[Assignment]
Exactly as they appear, retype the lines from the one containing "Leather cardholder with FF motif" through the final line of the data below. Leave pictures out.

****************

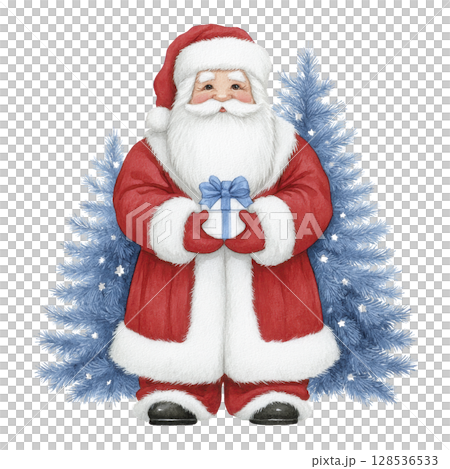 Santa Claus holding gift stands in front of blue Christmas tree, evoking festive and joyful holiday spirit. scene is adorned with snowflakes, enhancing wintery atmosphere Santa Claus holding gift stands in front of blue Christmas tree, evoking festive and joyful holiday spirit. scene is adorned with snowflakes, enhancing wintery atmosphere 128536533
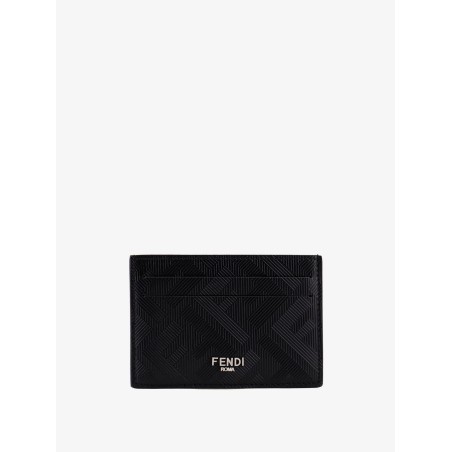 Leather cardholder with FF motif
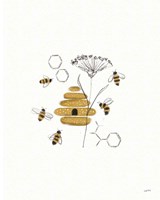 Bees and Botanicals II Fine Art Print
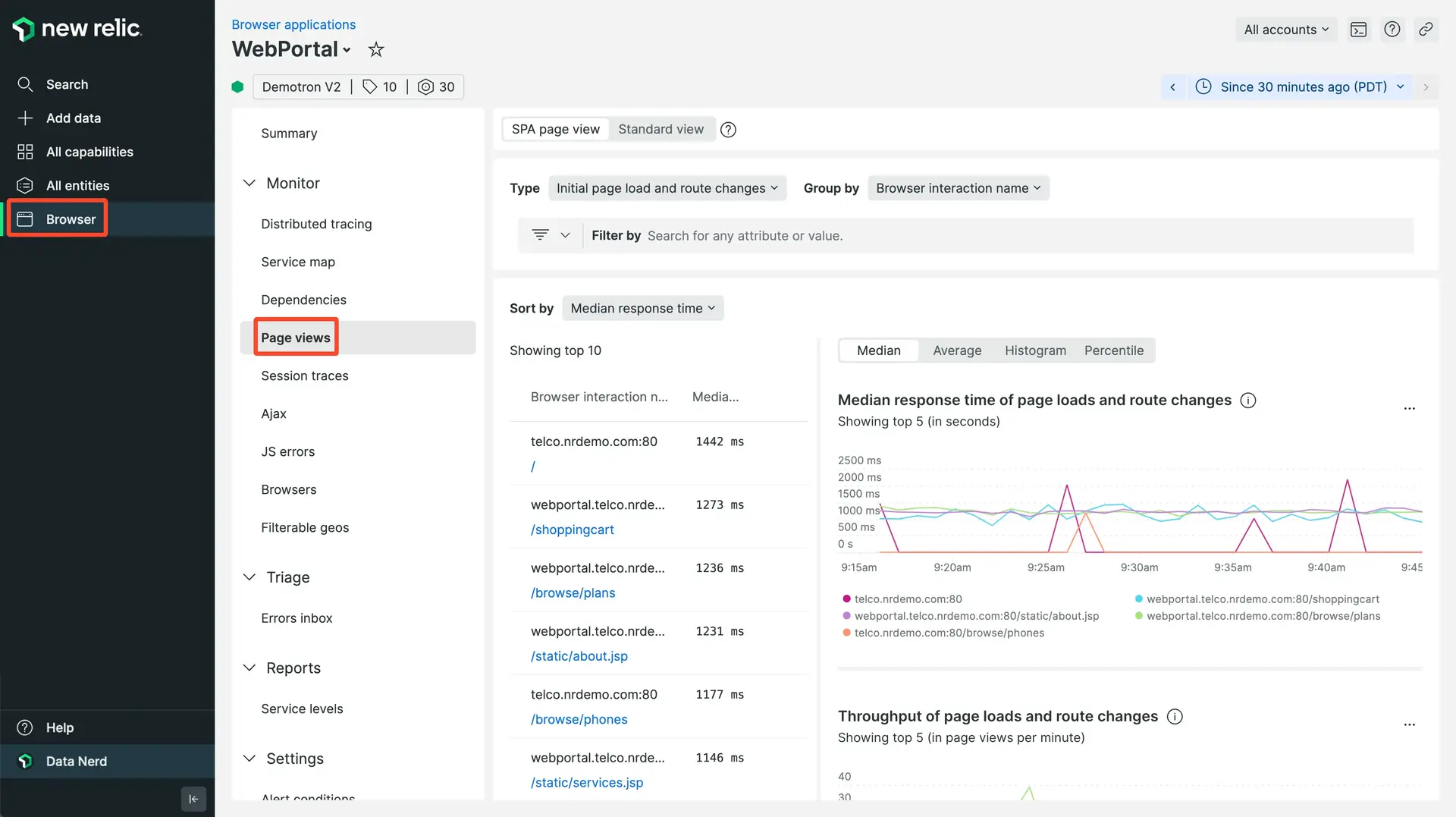 Page views UI overview A screenshot of the Page views UI in New Relic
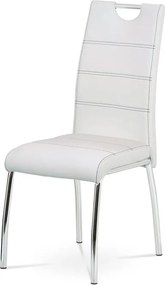 Étkezőszék, fehér, műbőr, WT – HC-484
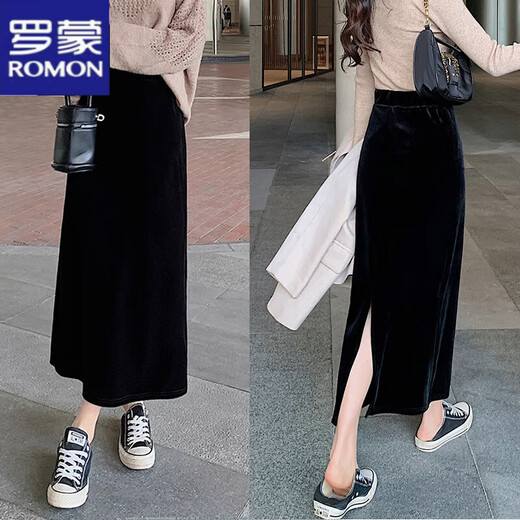 Luo Meng Golden Velvet Skirt Women's 2024 Autumn and Winter Korean Style Casual Temperament Slim Long Versatile Hip-covering A-Line Skirt Black XL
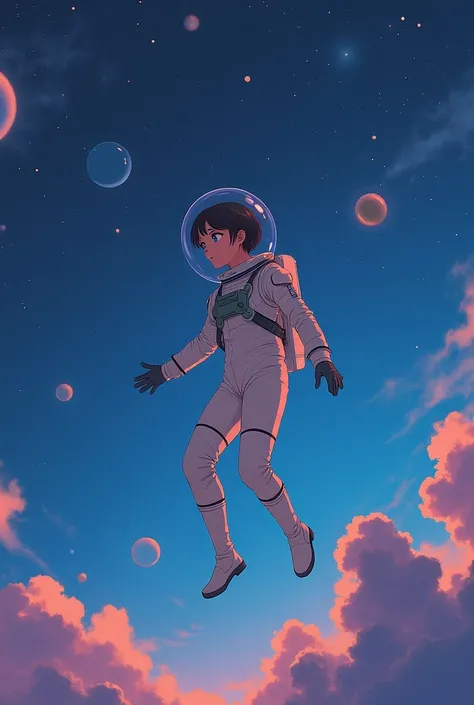 (a girl floating in outer space with a space suit that is skin tight), art by atey ghailan, painterly anime style at pixiv, art by kantoku, in art style of redjuice/necömi/rella/tiv pixiv collab, your name anime art style, masterpiece digital painting, No ...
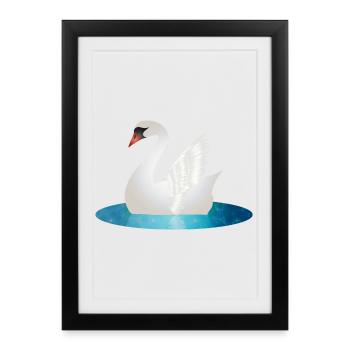 Shimmering swan with raised wings - Framed poster (27 × 37 cm) - black - Front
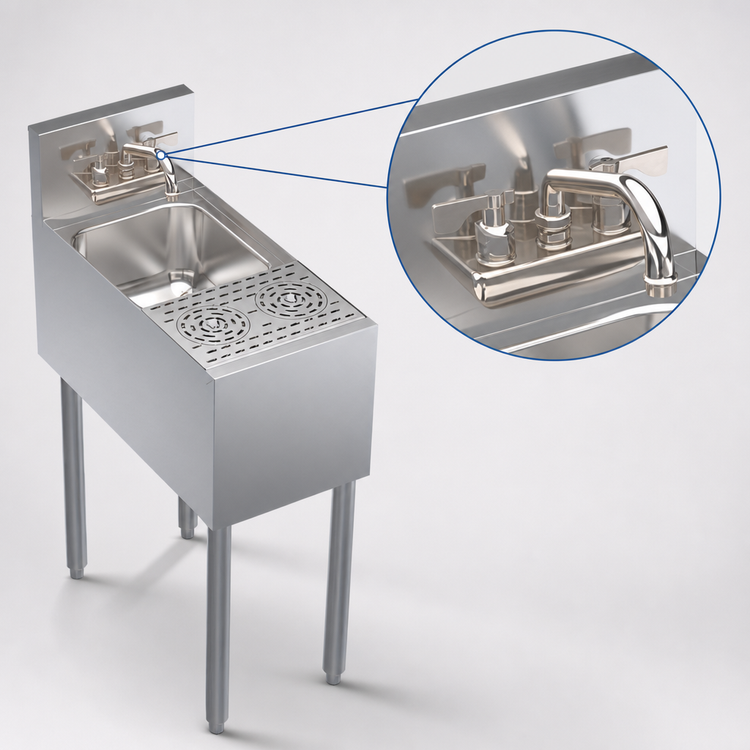 Product image #3 for Krowne Royal Series 12-Inch x 24-Inch Underbar Speed Station with Dual Glass Rinser Faucets and Dump Sink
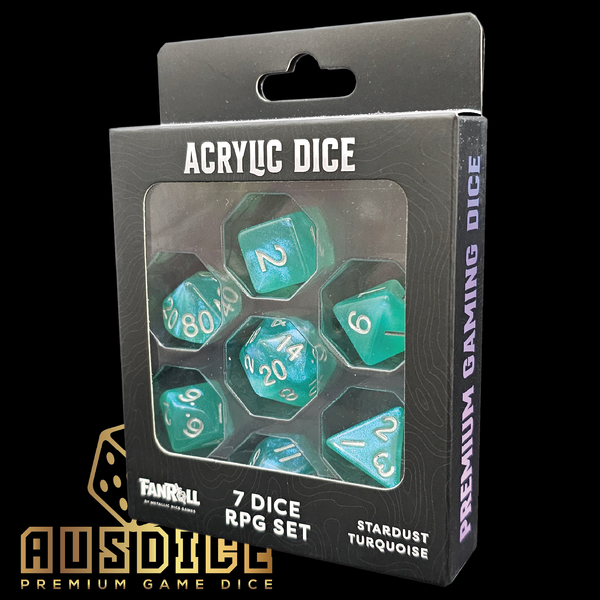 Stardust Turquoise Acrylic Polyhedral Dice Set by Fanroll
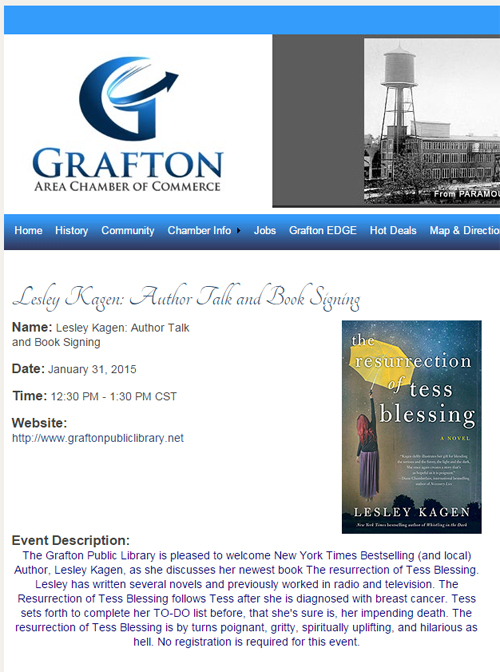 Grafton Chamber of Commerce promo for Lesley Kagen book signing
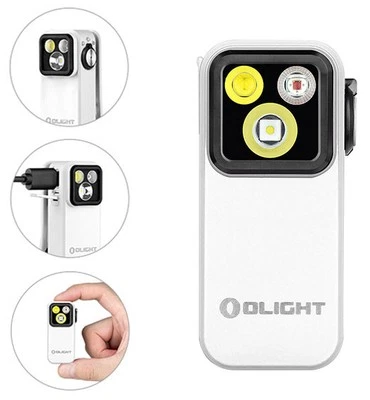 Olight Oclip Pro White Clip on Flashlight, Floodlight Spotlight/Red Light, 500L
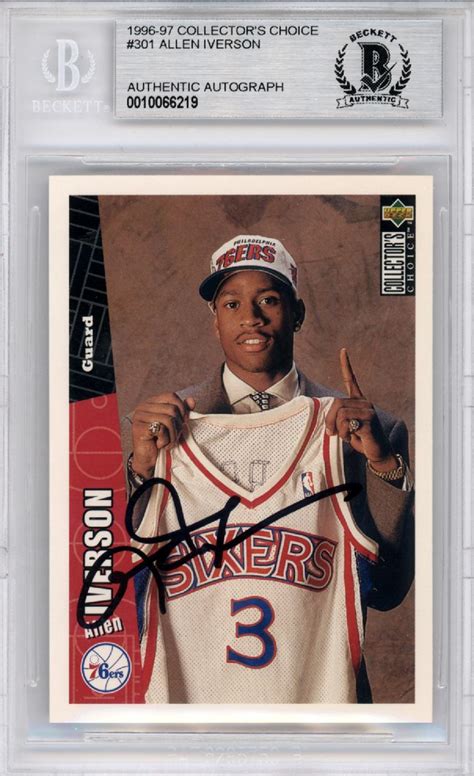 We did not find results for: Allen Iverson Autographed 1996-97 Collector's Choice Rookie Card #301 Philadelphia 76ers Beckett ...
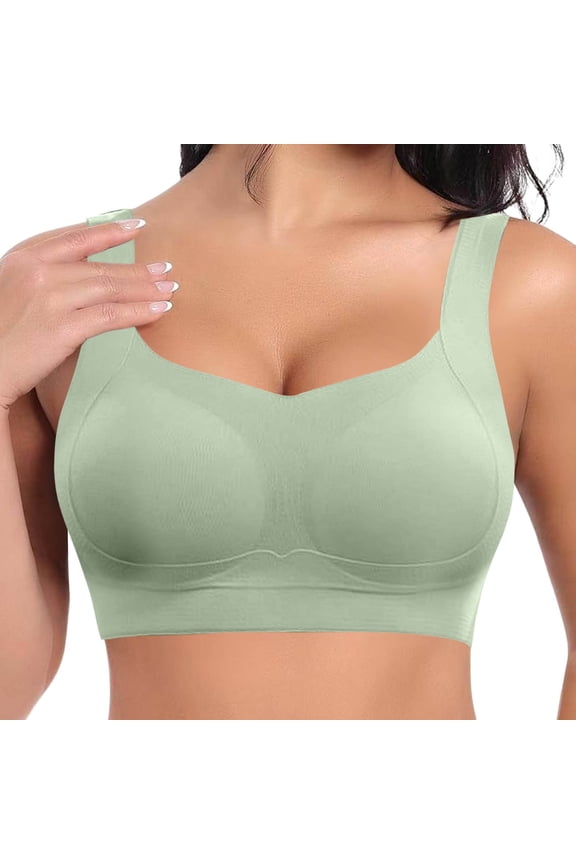 Womens Plus Size Seamless Wireless Minimizer Bras Push up Padded Workout Bras Full Coverage Large Bust Bra Square Neck T Shirt Bralettes Light Green XXL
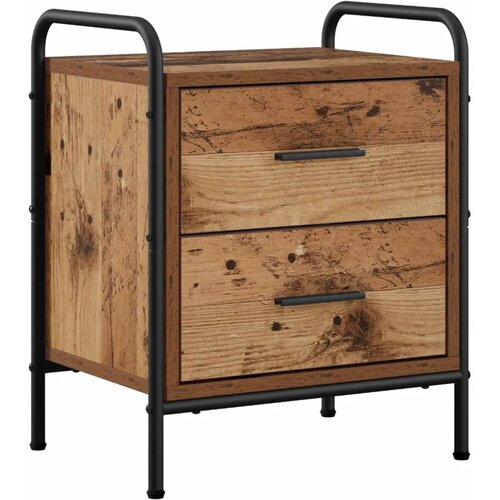  Noćni ormar 2 kom. Staro drvo 40 x 30 x 50 cm Konstruirano drvo - Staro drvo 2 Slike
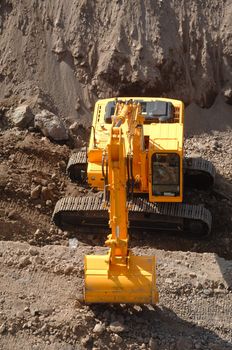 Excavator working at a conctuction site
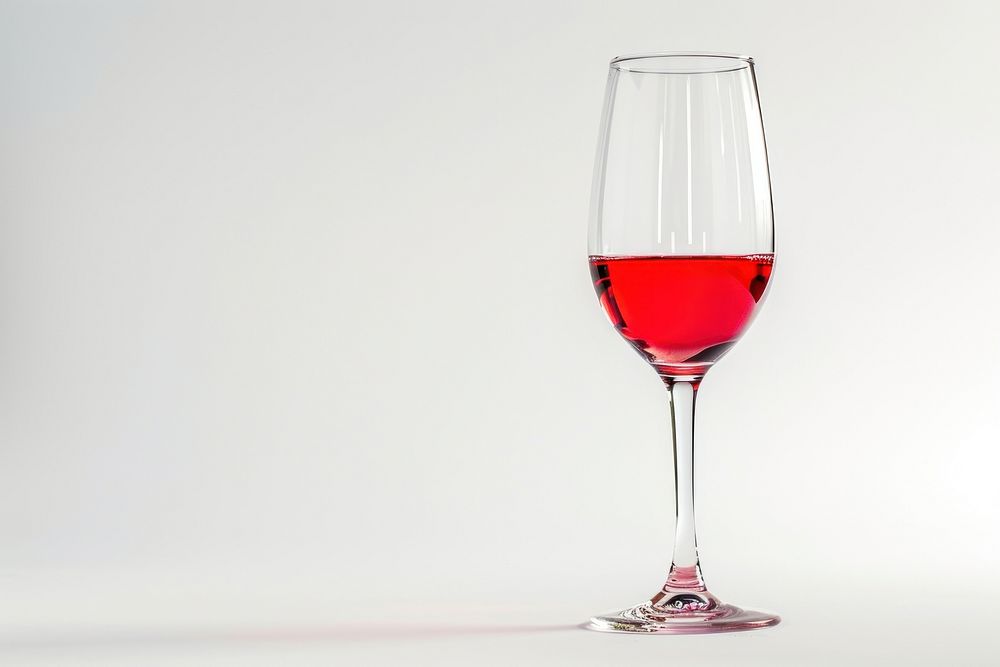 Empty wine glass drink red white background.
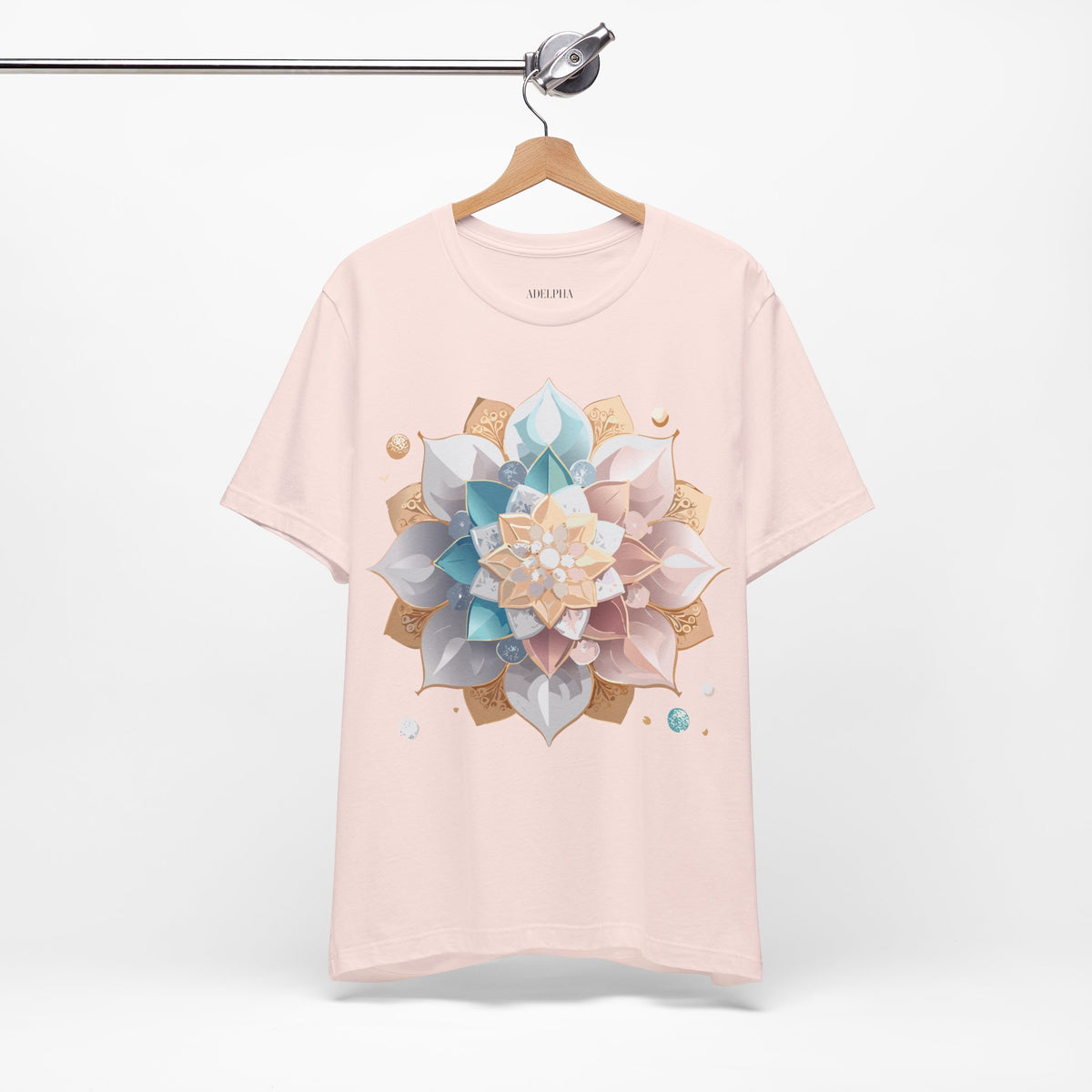 Mandala Graphic Unisex Cotton Bella+Canvas Tee with Floral Art Design d22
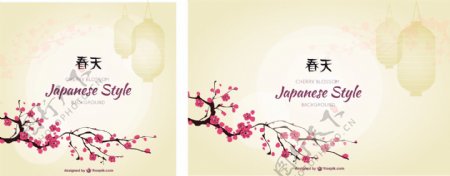 樱花背景的日本风格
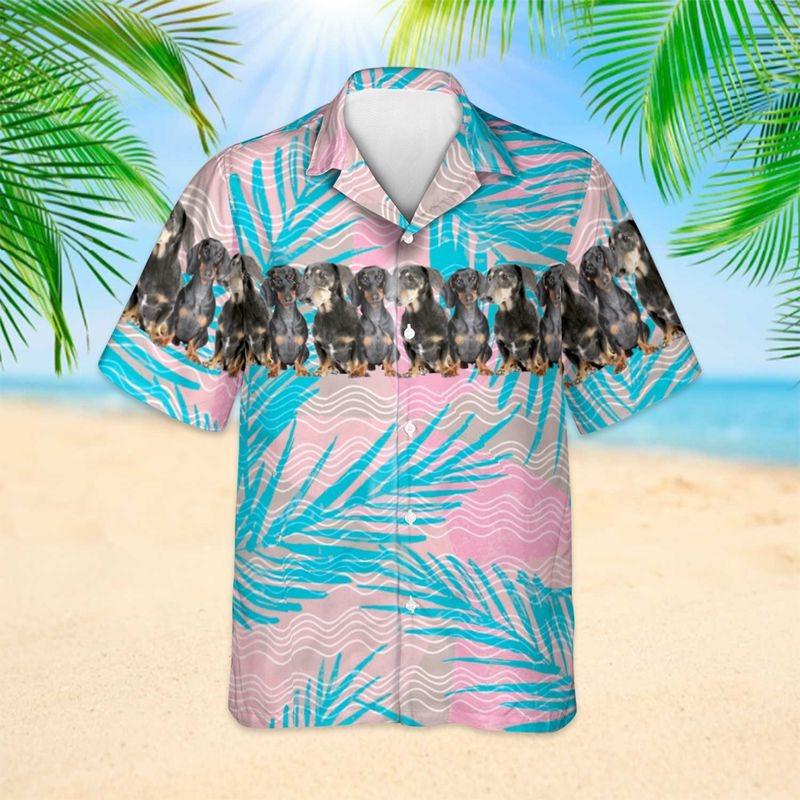 Dachshund Aloha Hawaiian Shirt - Dachshund Puppies Hawaiian Shirt, Tropical Palm Leaves On Pastel Pink Hawaiian Shirt For Men & Women, Dachshund Lover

****************

[Result of this exercise]
 Leather cardholder with FF motif
 Bees and Botanicals II Fine Art Print
 Page views UI overview A screenshot of the Page views UI in New Relic
 Étkezőszék, fehér, műbőr, WT – HC-484
 Luo Meng Golden Velvet Skirt Women's 2024 Autumn and Winter Korean Style Casual Temperament Slim Long Versatile Hip-covering A-Line Skirt Black XL
 (a girl floating in outer space with a space suit that is skin tight), art by atey ghailan, painterly anime style at pixiv, art by kantoku, in art style of redjuice/necömi/rella/tiv pixiv collab, your name anime art style, masterpiece digital painting, No ...
 Shimmering swan with raised wings - Framed poster (27 × 37 cm) - black - Front
 Product image #3 for Krowne Royal Series 12-Inch x 24-Inch Underbar Speed Station with Dual Glass Rinser Faucets and Dump Sink
 Stardust Turquoise Acrylic Polyhedral Dice Set by Fanroll
 Grafton Chamber of Commerce promo for Lesley Kagen book signing
 Olight Oclip Pro White Clip on Flashlight, Floodlight Spotlight/Red Light, 500L
 We did not find results for: Allen Iverson Autographed 1996-97 Collector's Choice Rookie Card #301 Philadelphia 76ers Beckett ...
 Womens Plus Size Seamless Wireless Minimizer Bras Push up Padded Workout Bras Full Coverage Large Bust Bra Square Neck T Shirt Bralettes Light Green XXL
  Noćni ormar 2 kom. Staro drvo 40 x 30 x 50 cm Konstruirano drvo - Staro drvo 2 Slike
 Excavator working at a conctuction site
 Empty wine glass drink red white background.
 Mandala Graphic Unisex Cotton Bella+Canvas Tee with Floral Art Design d22
 樱花背景的日本风格
 Dachshund Aloha Hawaiian Shirt - Dachshund Puppies Hawaiian Shirt, Tropical Palm Leaves On Pastel Pink Hawaiian Shirt For Men & Women, Dachshund Lover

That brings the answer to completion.